Annual Performance Reviews
No matter how advanced the technology is, and how many performance review software support frequent performance reviews, it always depends on the administration of the organization when conducting performance reviews. Most organizations have performance reviews at the bottom of their list of priorities.
The reasons can be different for different managers but the motivation is the same. No one wants to spend hours to evaluate someone’s performance. They do not focus on improving it. They often stick to annual performance reviews because one, they happen only once a year and don’t require a lot of time; two, they can be easily tied with compensation and will help the management do their little saving based on employee performance.
This approach is far beyond broken, it is ancient. Annual performance reviews were actually designed so that both the employees and the company could benefit from them. But most HR leaders agree that this practice isn’t just ineffective but also damaging to the organization. It is not just because of the process itself but because of the way it is being carried out.
Ineffective Goal Setting
Goal setting is a very important aspect of performance reviews. If you cannot set effective goals for employees based on their job role in the department and in an organization, goal setting is of no use.
One of the most common problems that employees face during performance reviews, with regards to goal setting is that their individual goals aren’t aligned with department or organizational goals.
A manager is responsible for setting effective and measurable goals for their team. One of the most popular approaches for goal setting is OKRs. OKRs stand for ‘Objectives And Key Results’. OKRs are a popular approach for goal-setting which allows employees to execute individual and organizational goals.
OBJECTIVES are something that you want to achieve, and KEY RESULTS are a measurable way to keep track of how close you are to achieve your objective.
Biased And Infrequent Feedback
When employees don’t receive honest or enough feedback, they have no scope of developing themselves. One of the most underrated problems with performance reviews is biased and infrequent feedback.
Did you know that 89% of HR leaders believe that frequent feedback, employee recognition and check-ins lead to organizational success. If you want to make the most out of employee feedback, it is very important to formalize and regularize the process. There could be many situations when you’re working with a team where giving and receiving feedback becomes vital for the team to function effectively.
Neglecting Employee Engagement And Employee Development
Most performance management systems forget to focus on developing employees and help them excel in their careers. It is important to also focus on improving employee skills.

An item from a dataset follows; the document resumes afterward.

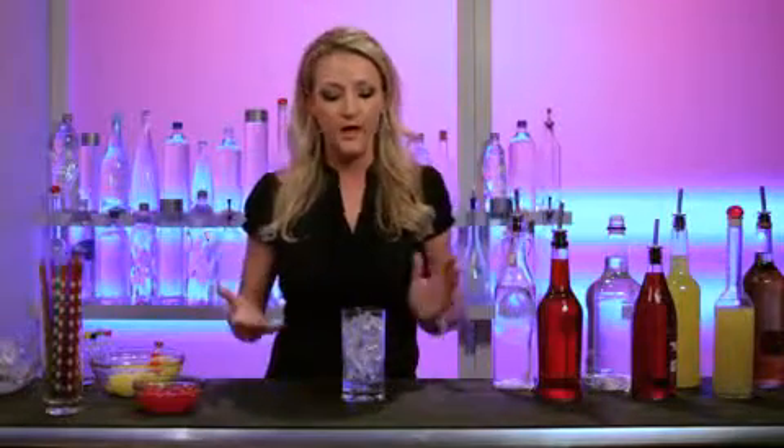Hi there, welcome to How To. Today we're going to talk about a drink that is great at any party. You've got your food, you've got your decorations ready to go, but let's do an awesome cocktail so that your guests have something to talk about later.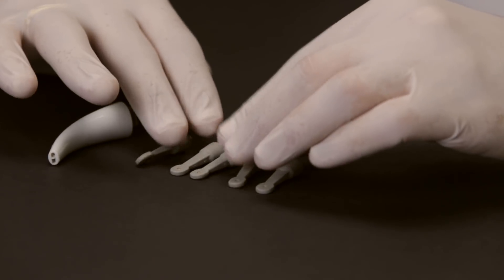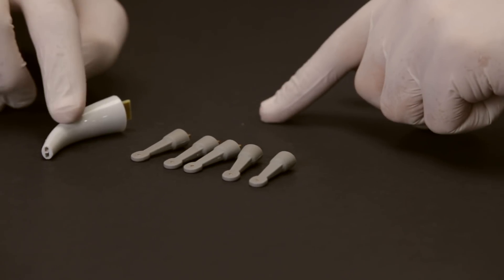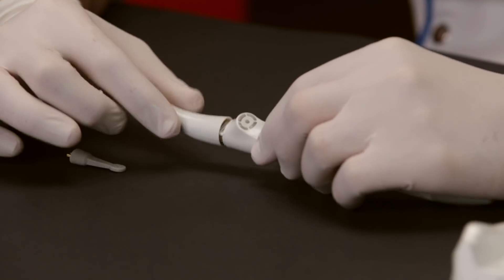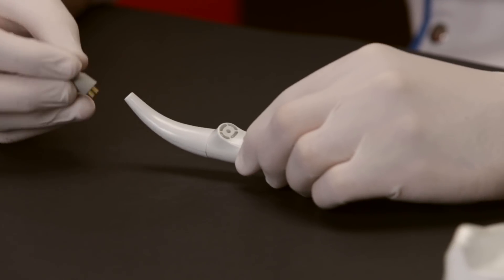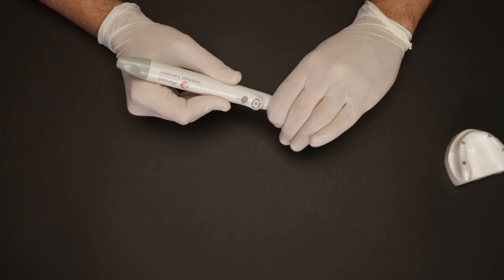The implant locator packaging includes six autoclavable sensor tips and it also comes with two sensor holders. This is how we can attach the sensor holder along with the sensor tip to the implant locator — the sensor tip fits into the sensor holder like this.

Employee engagement has a direct impact on things like productivity, customer retention etc. There are many ways to keep employees engaged. Employers normally like to praise and recognize employees or give them rewards. One other way of fostering employing engagement is to help build a learning culture in the organization, one that helps employees grow as individuals and also helps them develop professionally.
No 360 Degree Feedback
Another problem with performance management systems is that they do not utilize peer feedback.
When you receive feedback from your manager, it is based only on their perspective. A manager’s feedback usually depends on whether or not an employee reaches their set goal for a period of time. Peer feedback gives you feedback from various sources on various aspects of your work. Moreover, team members know how their peers work better than the managers do. Their solid feedback helps you realize the areas of your performance that specifically require improvement.
This practice allows team members to understand each others’ strengths and weaknesses better and collectively work towards improving team productivity.